Release Date: 23rd June 2023

Contents

About

New recordings of signature works by a young and tragically short-lived lion of the keyboard in late 18th-century France.

This is the most extensive set of records ever dedicated to the music of Hyacinthe Jadin, sure to attract the attention of all aficionados of keyboard rarities, especially as performed by the Polish harpsichordist and pianist Marek Toporowski, with his encyclopedic understanding of Baroque and early-Classical repertoire.

Born in Versailles in 1776, Jadin grew up in a musical family and was educated in both the French and German traditions, something unusual at the time.

His professional career was brief; he was appointed to the Conservatoire in 1795 as one of its first professors of piano, and fell ill from the tuberculosis that would take his life in 1800.

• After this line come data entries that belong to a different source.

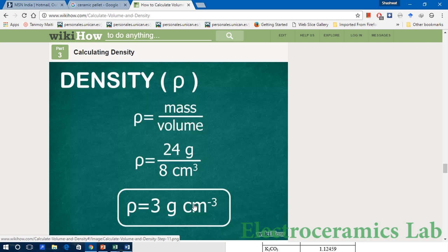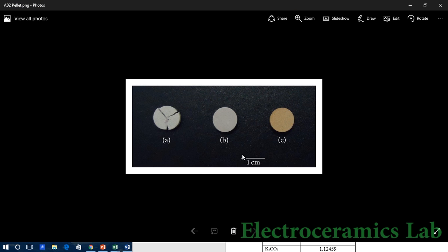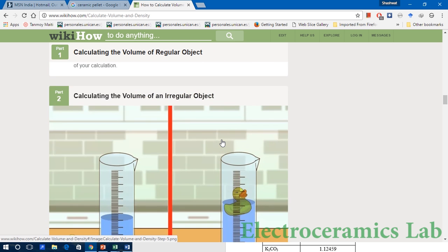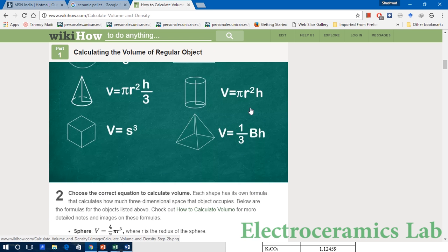Here we are showing a practical approach to calculate the geometric density using a cylindrical pellet of a ceramic material. This typical cylindrical pellet has a certain diameter and a certain thickness. The diameter and thickness can be measured by vernier calipers and screw gauge respectively. The volume of a cylinder is given by the well-known formula: V equals pi r squared h.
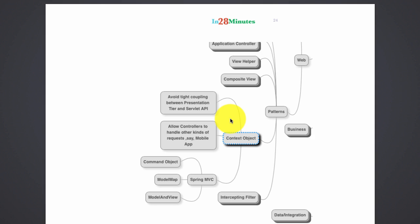It would have some other format, and if you have a tight coupling between your controllers and the actual underlying protocol like HTTP or HTTP servlet request, then it would prevent the reuse of the controllers for other things.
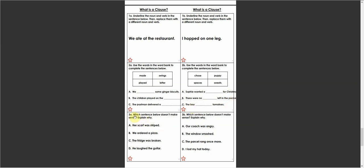Three A, which sentence below doesn't make sense? Explain why. So we need to read these sentences, and I'd like you to read them with me. Her scarf was striped. We ordered a pizza. The fridge was broken.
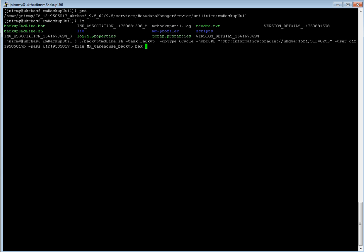This is a sample I am using in order to do a backup operation. So as you can see, this example is for an Oracle database. So I'm using the parameter backup. The database type I am specifying as Oracle. Now for JDBC URL, for all the supported databases the syntax is available in documentation. So for this example I'm specifying the server, port number and the SID, which is followed by the value for parameter user, the password of the database user, and the file which is to be created when the backup is performed.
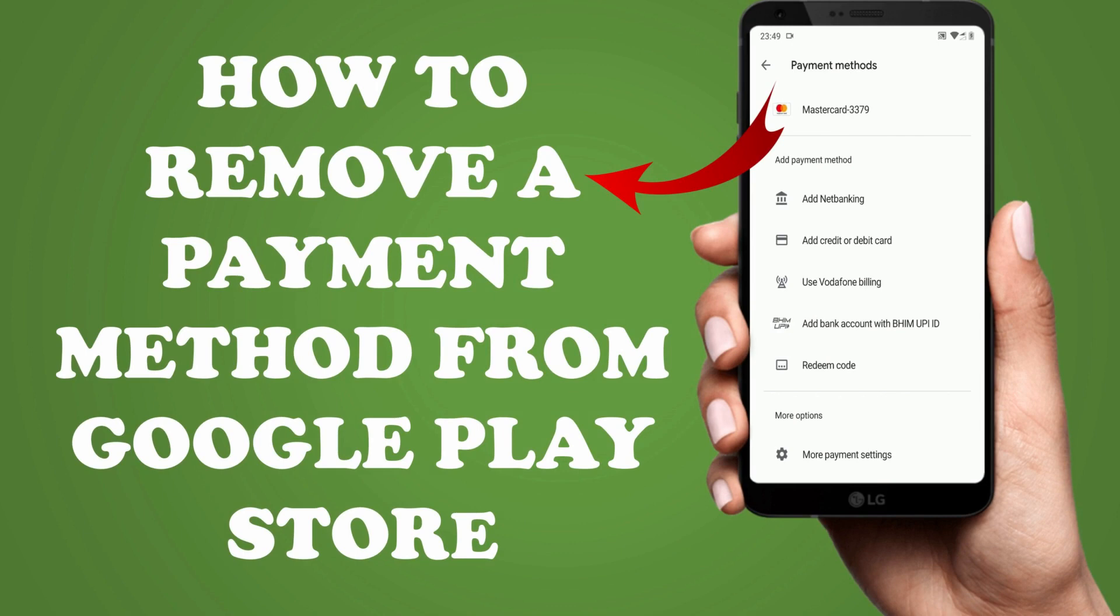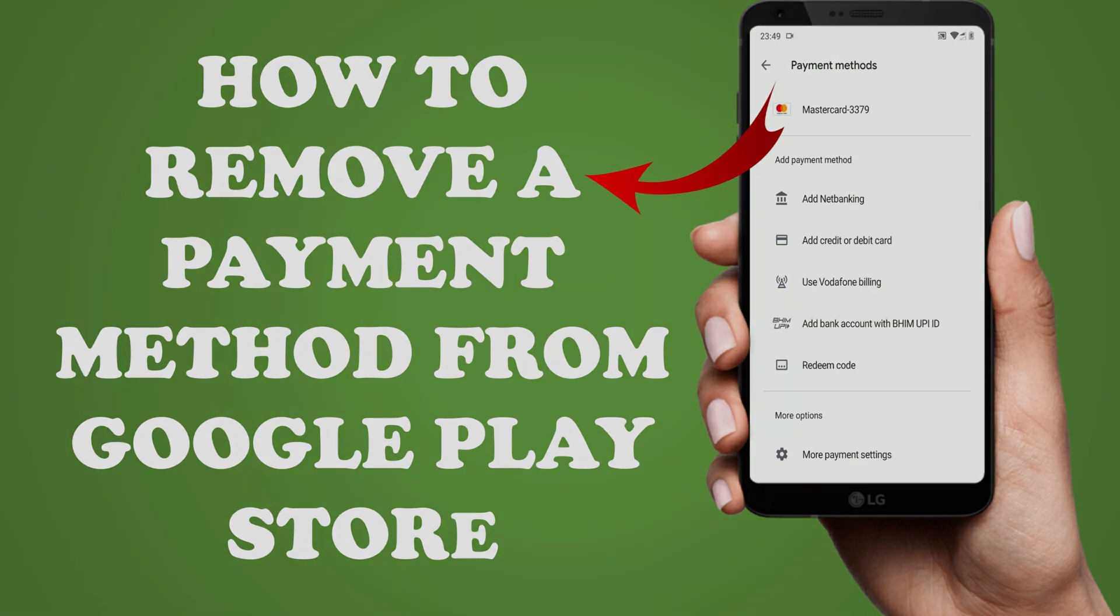Adding a payment method is a straightforward process in Google Play Store, but removing is little tricky. With no further delay let's see how to do it.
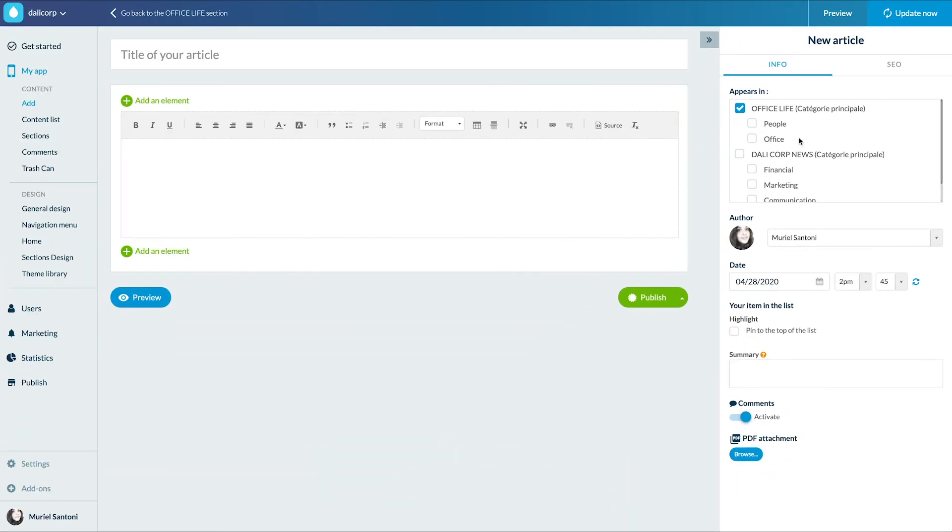For external content, it's exactly the same behavior except they're called filters. You will be able to retrieve the existing filters from your external content and choose their display mode.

Jadin’s surviving output includes six quartets, four piano concertos, and several violin sonatas. From the evidence of these nine piano sonatas – three for each published opus number – we may hear in Jadin an astonishingly gifted composer whose music foreshadows the Romantic era – even at points the expressive poignancy of Schubert. Writing in major keys, Jadin’s elegant facility belongs to his own Classical age; it is when he ventures into remote minor tonalities, such as the F sharp minor Sonata, op.4 no.2, that he seems to look forward to another, more personal age of expression. In all cases, however, Jadin evidently took Haydn as a model, for his themes are unfailingly compact and elegantly conceived for the keyboard, his development sections are likewise concise while enlivened with touches of ingenious modulation between keys.

In his booklet essay, introducing Jadin’s life and work, Marek Toporowski makes the case for the composer as a French-born Dussek, an outstandingly original figure and one of the great ‘might-have-beens’ of musical history. His stylish performances on a modern copy of a Walter fortepiano support such a claim, as well as affording much delight in their own right.